Sarcomeric SRX:DRX Equilibrium in Alport and LDLR/P407 Mouse Models of HFpEF

Abstract

AbstractCardiac myosin energetic states that regulate heart contractility define interactions of myosin cross-bridges with actin-containing thin filaments have been functionally linked with the pathology of hypertrophic cardiomyopathy (HCM). In particular, the balance between the disordered relaxed (DRX) and super relaxed (SRX) states that correlate respectively with enhanced force and energy conservation significantly determine myocardial performance and energy utilization. Compelling evidence suggests that a balanced SRX and DRX states proportion is a prerequisite for long-term cardiac health.

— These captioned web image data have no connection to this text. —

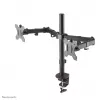 Neomounts FPMA-D550DBLACK Monitor laikiklis 10-32 col., Gnybtas/Gromet, 8 kg, 25,4 cm (10 col.), 81,3 cm (32 col.), 100 x 100 mm, Juoda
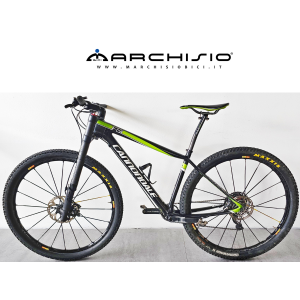 USATO CANNONDALE FSI NERO TG. M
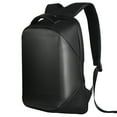 thumbnail image 2 of Mochila Tomshoo de Hombro LED Pantalla a Todo Color Impermeable para Portátil de Viaje, 2 of 7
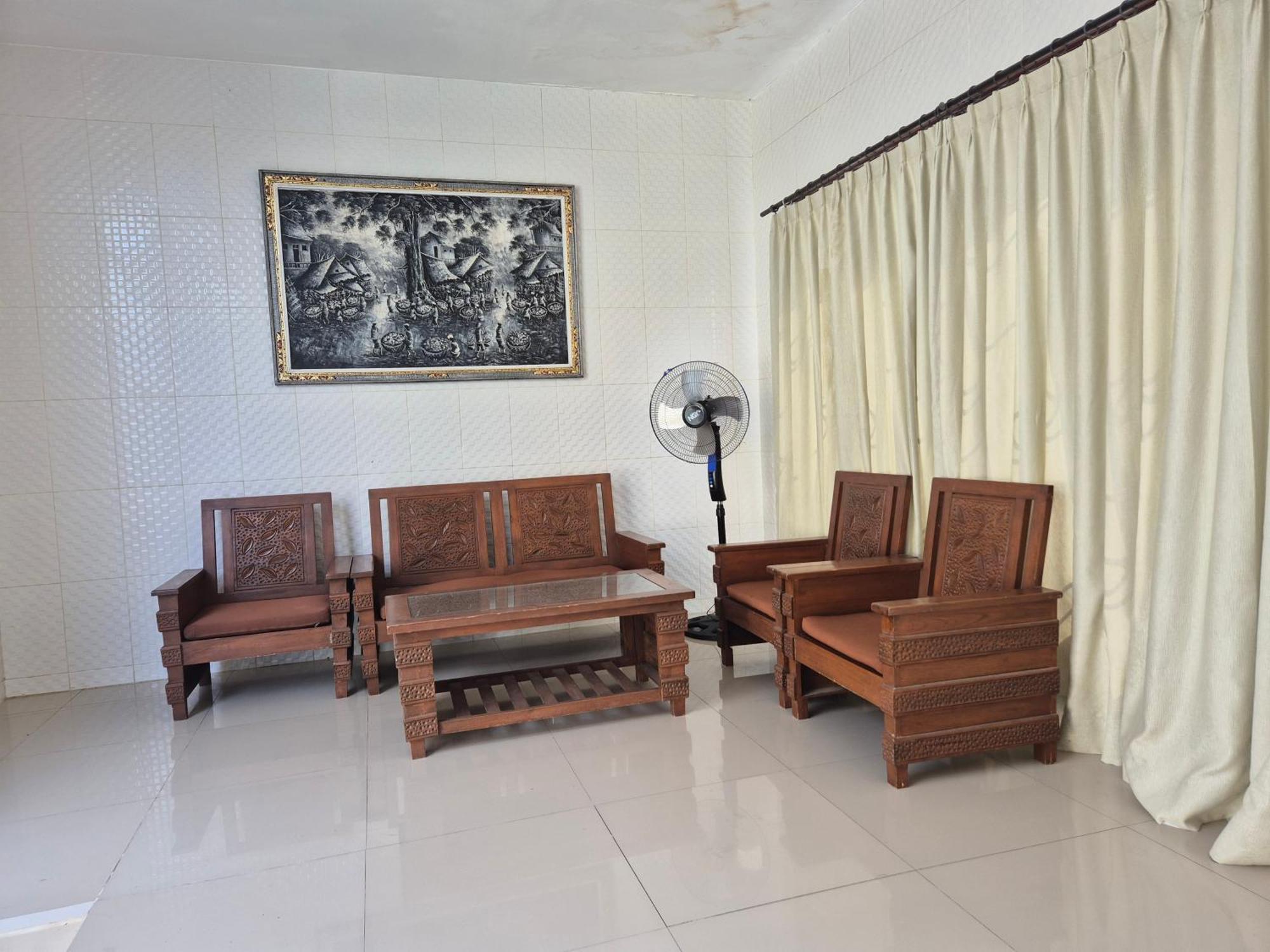 Villa The Bagus Kerobokan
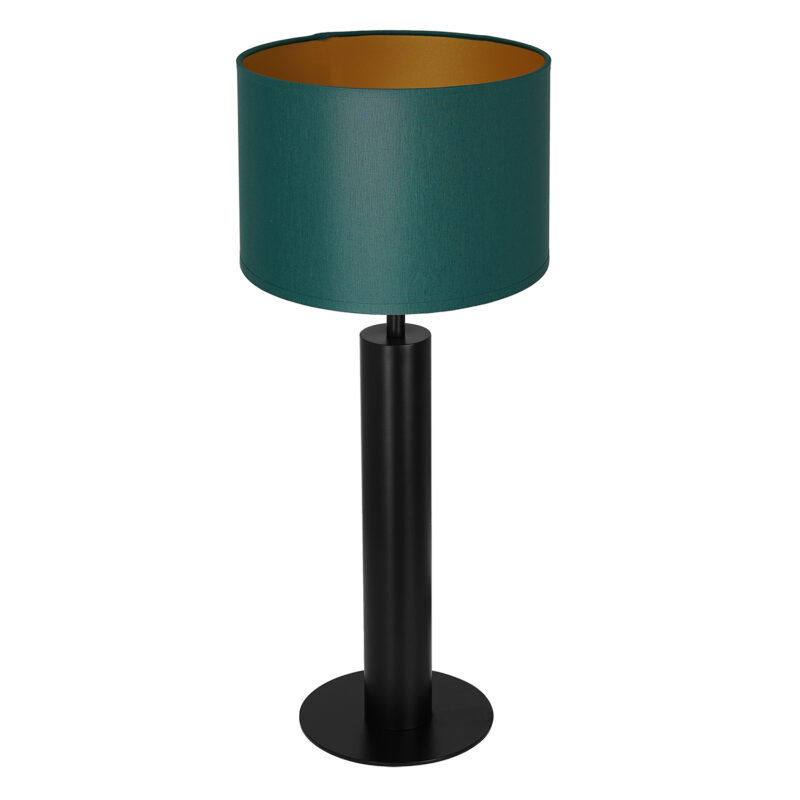 Lampa biurkowa Luminex 3666 okrągła kolumna x1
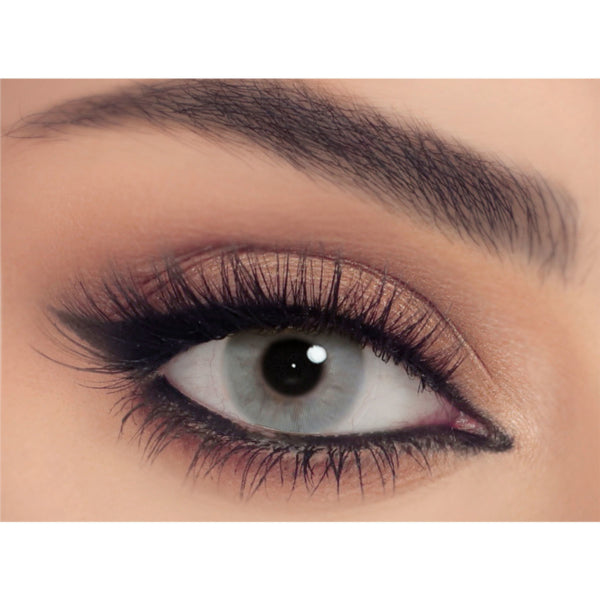 CELENA CONT LENS LIME GERY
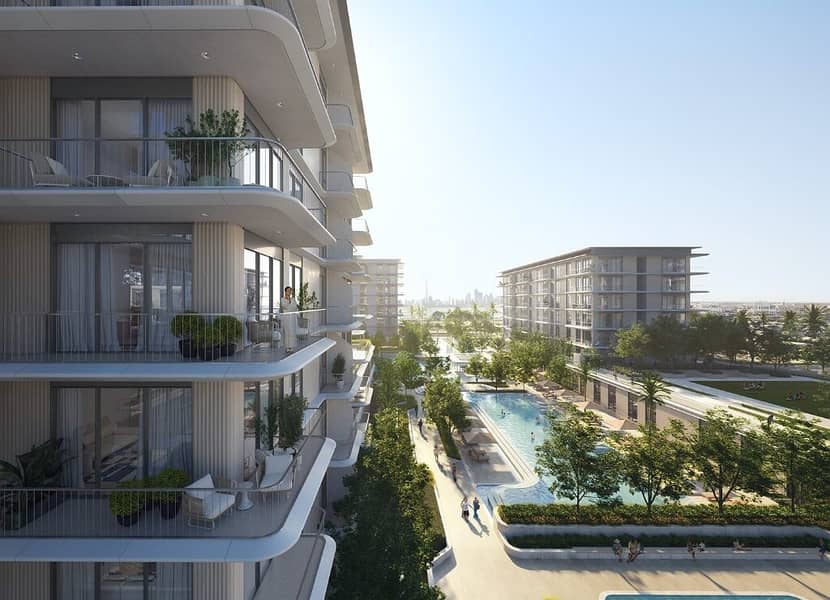 Baccarat Hotel & Residences by Hnh Development in Downtown Dubai Part 4, Dubai, view 3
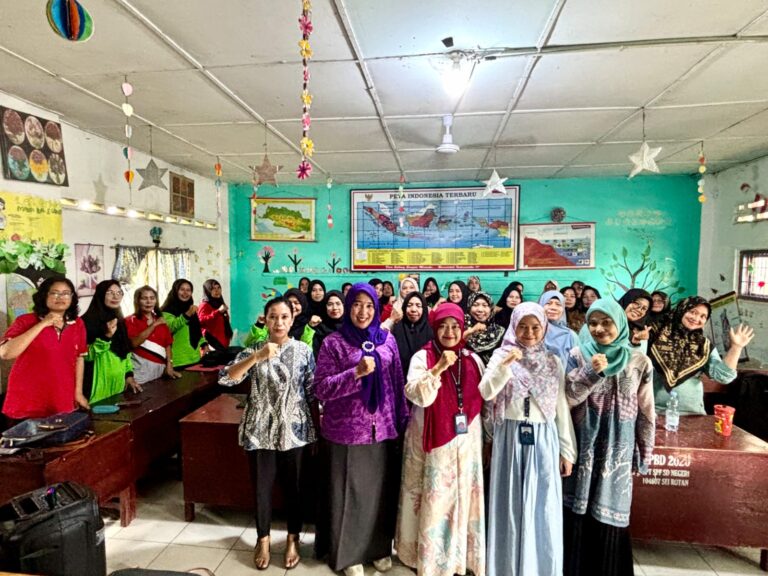 Dosen Unimed Lakukan Pendampingan Desain Modul Ajar Berbasis AI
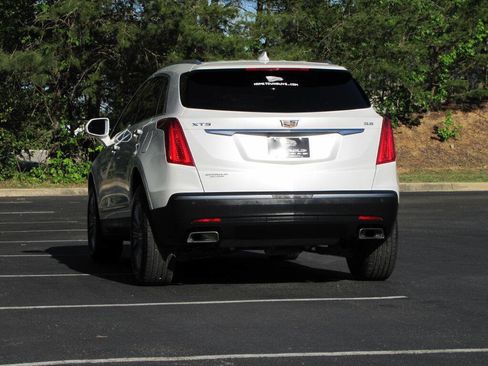 Used 2017 Cadillac XT5 Luxury image 8
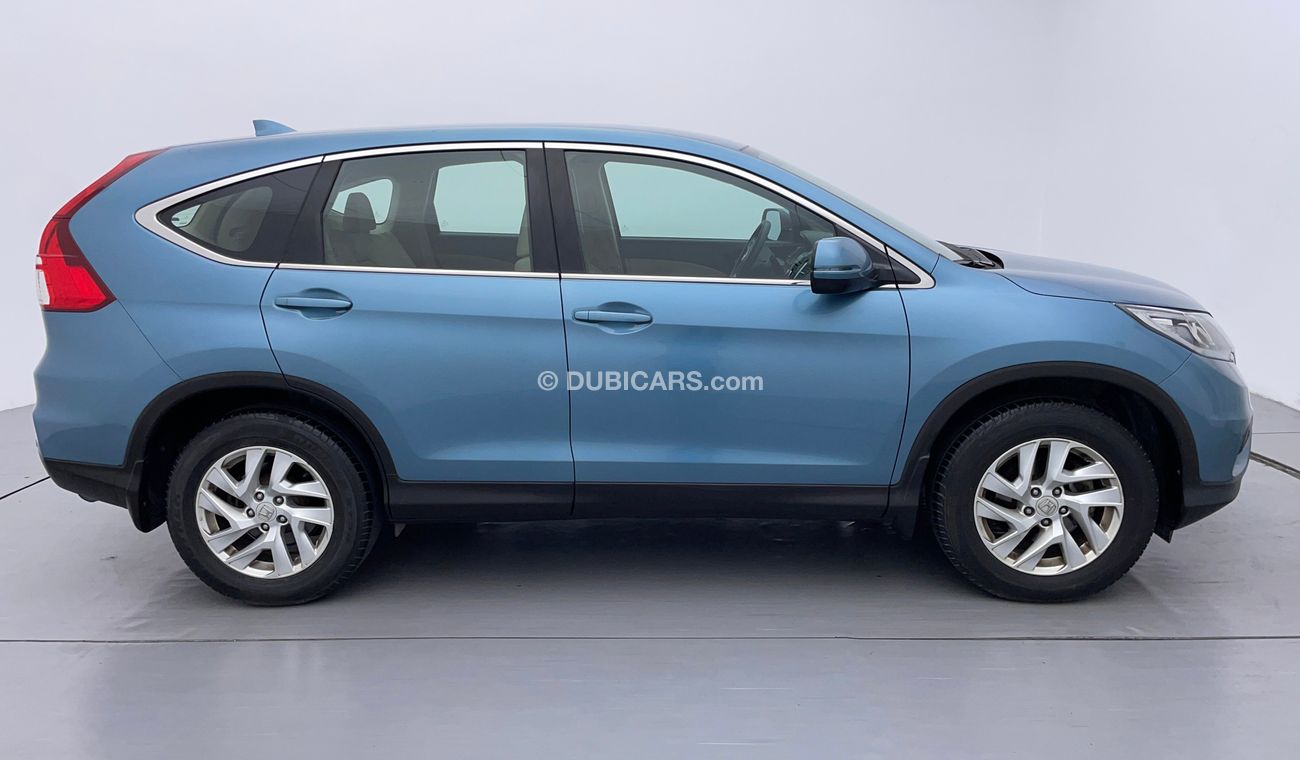 Honda CRV LX 2.4 | Zero Down Payment | Free Home Test Drive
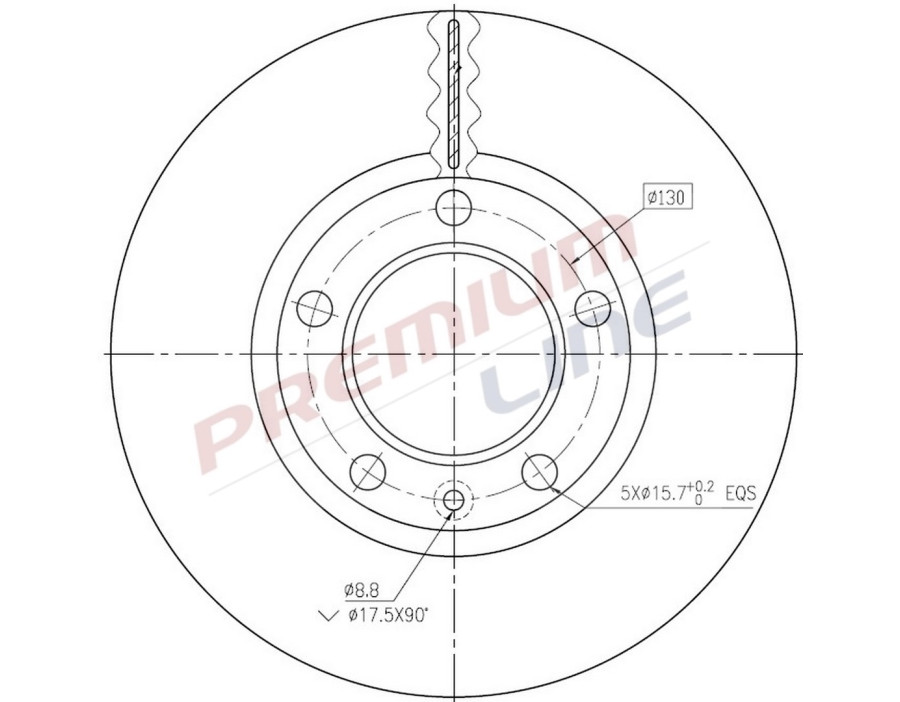 T24_COPPIA DISCHI FRENO DIAM 305 VENTILATO
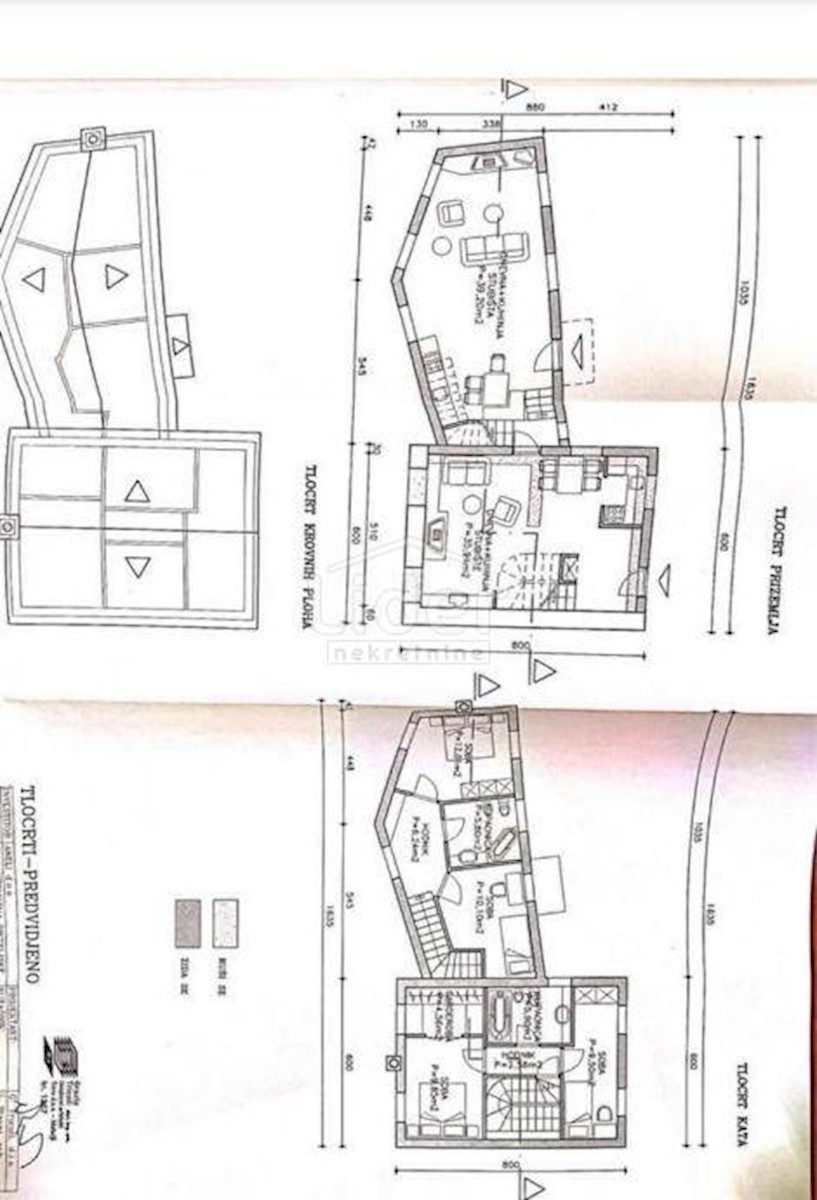 Dom Na sprzedaż - PRIMORSKO-GORANSKA  MOŠĆENIČKA DRAGA 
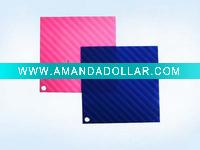 Square Silicone Table Mats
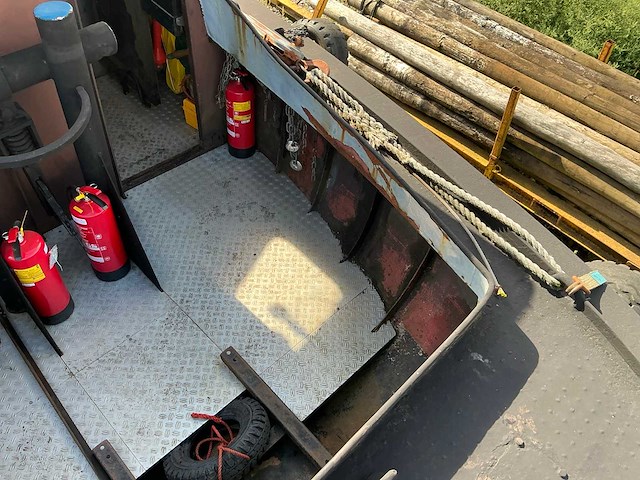 1942 duw/sleepboot “kees” eni 03800603 - afbeelding 29 van  44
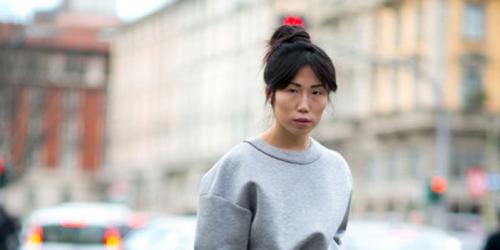 13 ways to wear jogging in town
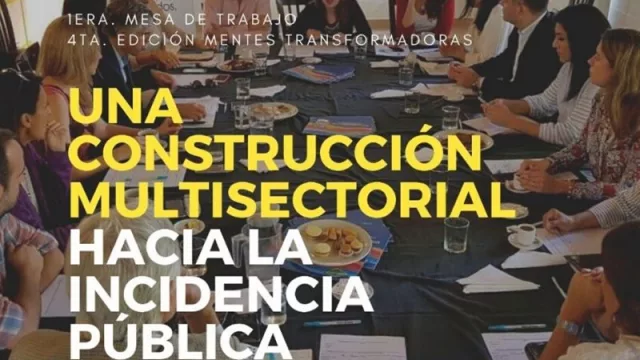 Se pone en marcha hoy la cuarta edición de la competencia Mentes Transformadoras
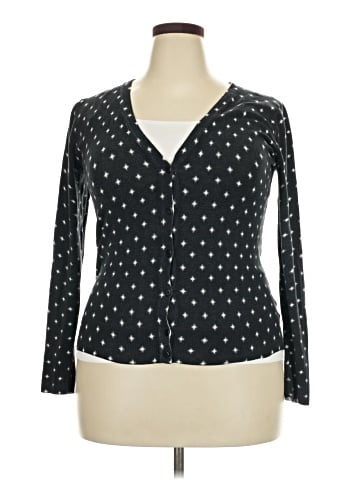 Merona Cardigan (view 1)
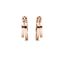 Boucles d'oreilles Duo Circlet, Cristal d'Autriche-5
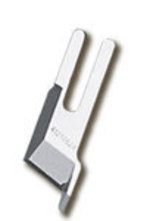 JUKI DLM-522 Верхний нож (узкий) (B4121-052-A00)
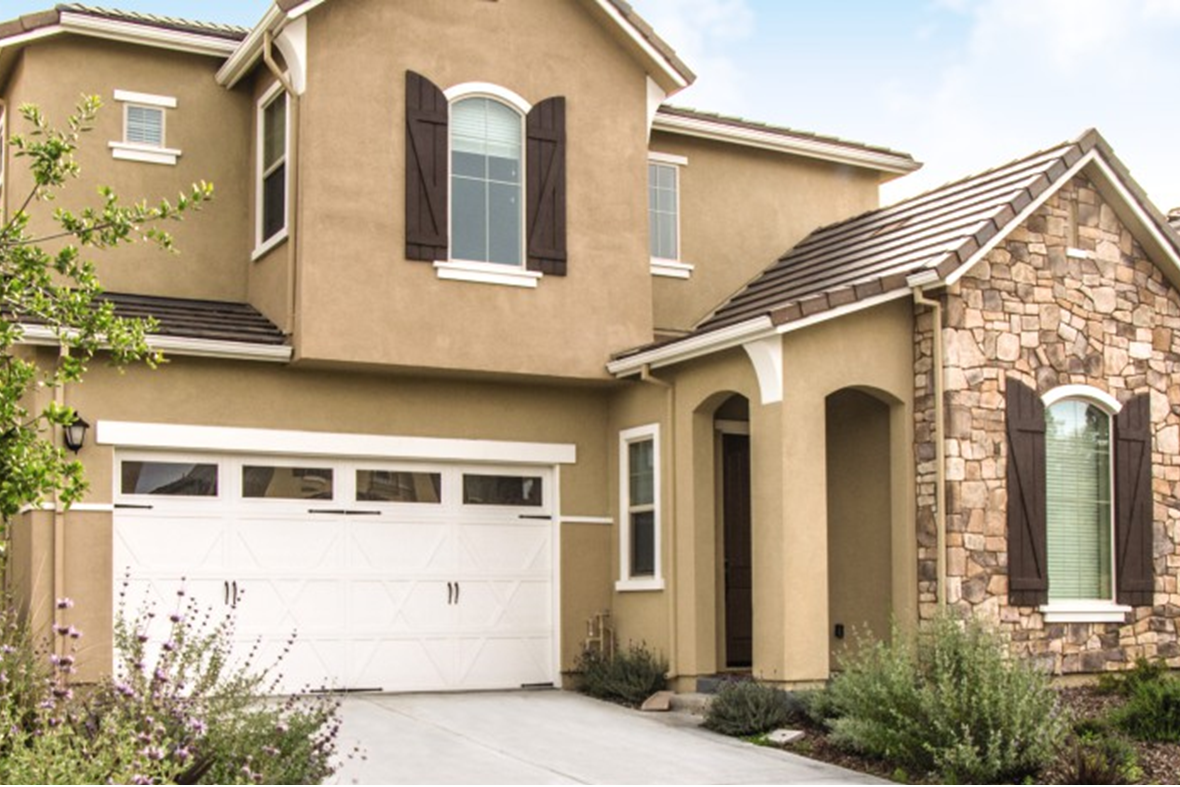 CCarriage House Steel Garage Doors 9405, Over Top Garage Doors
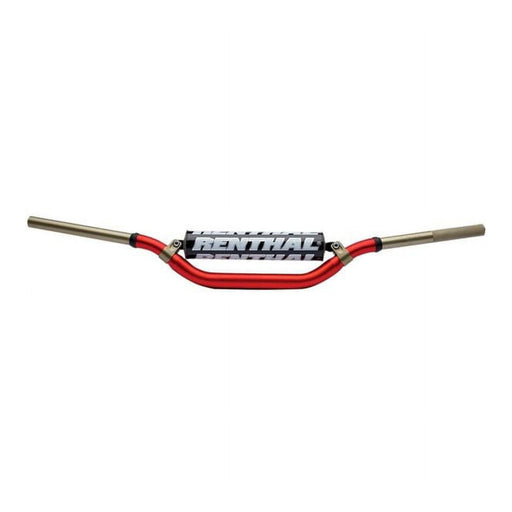 Renthal 918 Twinwall Handlebar - Red
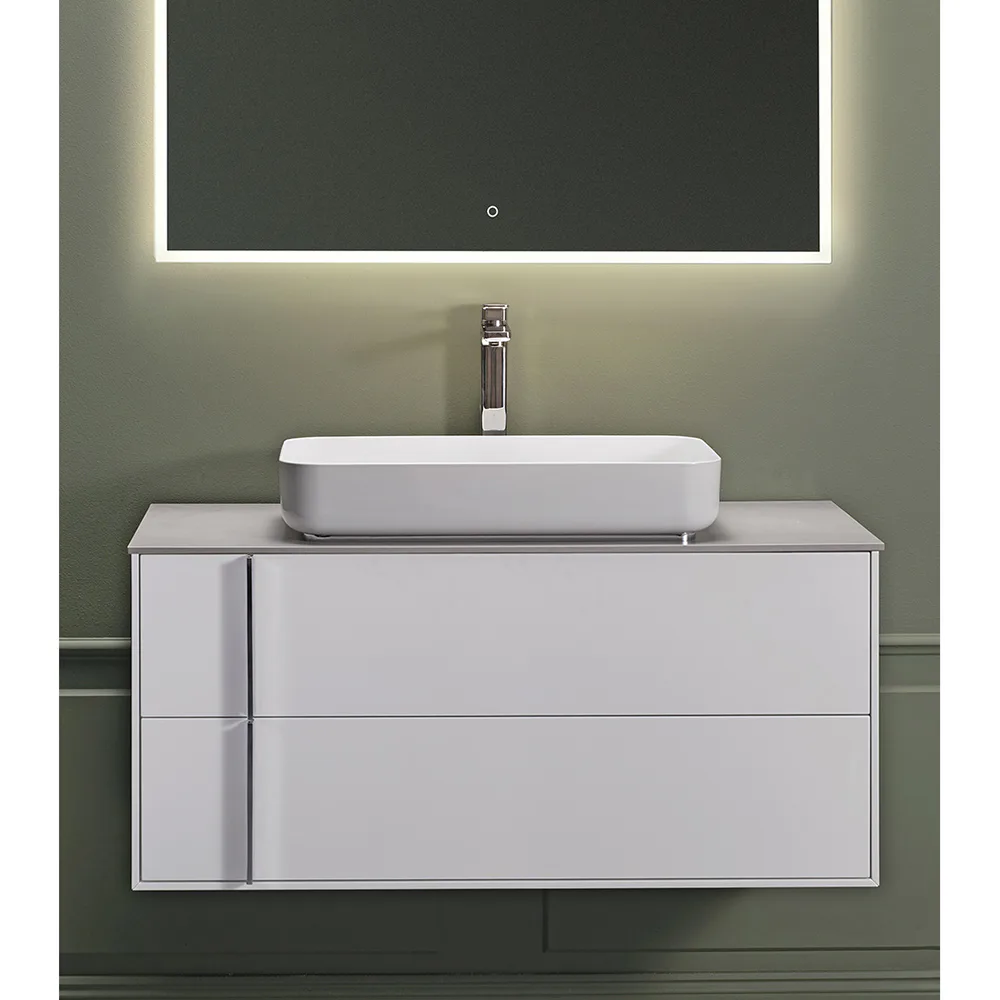 Tvättställsskåp Hafa Edge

Whereas roles for altered SRX: DRX proportions in HCM have been studied in depth, the mechanics of sarcomeric dysfunction and SRX: DRX proportions have not been reported in models of acquired heart failure (HF) including HF with preserved ejection fraction (HFpEF). Here, we quantified SRX andDRX myosin populations in two mouse models of HFpEF, including Alport and LDLR/P407 mice that represent cardiorenal/hypertensive and cardiometabolic/hyperlipidemic mouse models of HFpEF, respectively. We report significant changes in the SRX:DRX in both HFpEF mouse models, with an increased DRX state associated with Alport mice and a stabilized SRX state associated with LDLR/P407 mice. These findings correlate respectively with the hypercontractility and metabolic dysregulation with bradycardia phenotypes.